━━━━━ Raw data

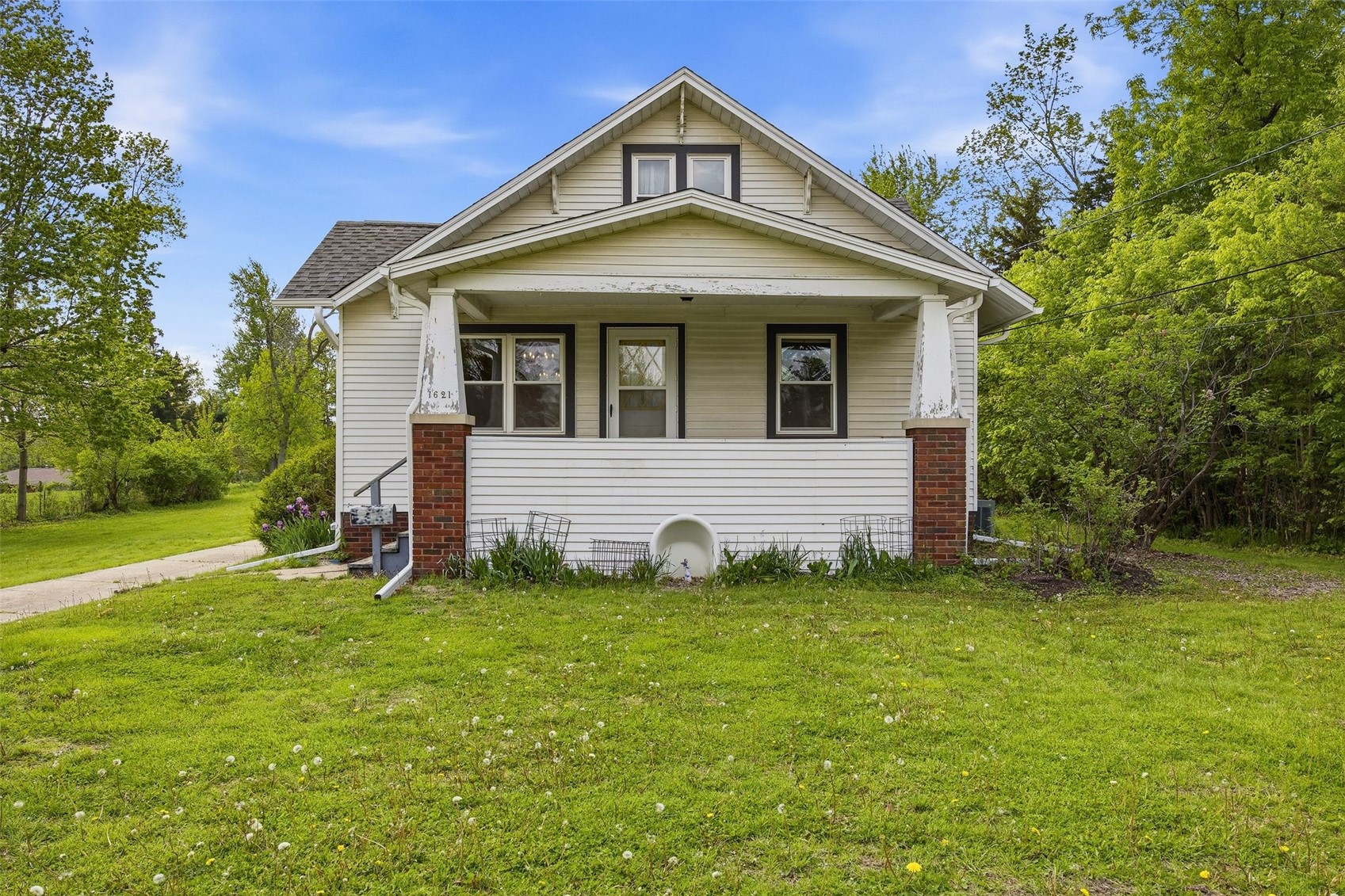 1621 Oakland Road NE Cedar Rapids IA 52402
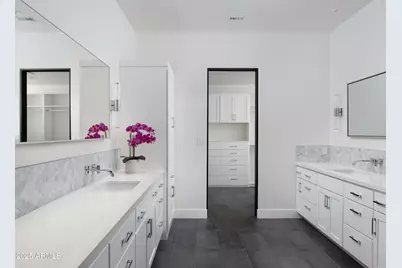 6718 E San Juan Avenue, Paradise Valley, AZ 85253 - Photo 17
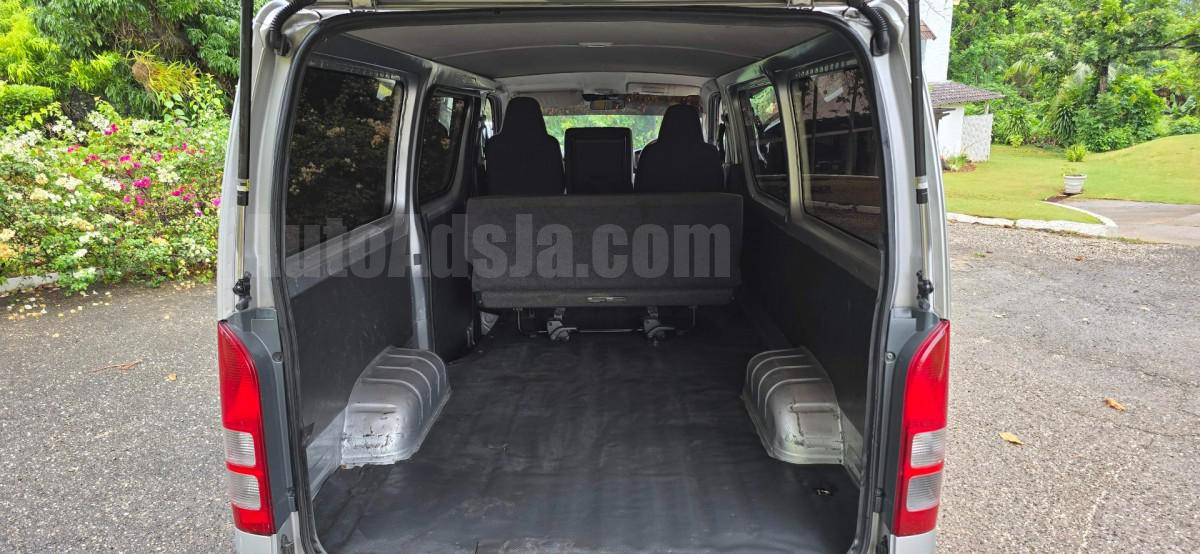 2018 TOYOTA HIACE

━━━━━━━━━━

## Exercise directions
The expected answer is an unaltered copy of the listing, images removed.

## Written solution
 1621 Oakland Road NE Cedar Rapids IA 52402
 6718 E San Juan Avenue, Paradise Valley, AZ 85253 - Photo 17
 2018 TOYOTA HIACE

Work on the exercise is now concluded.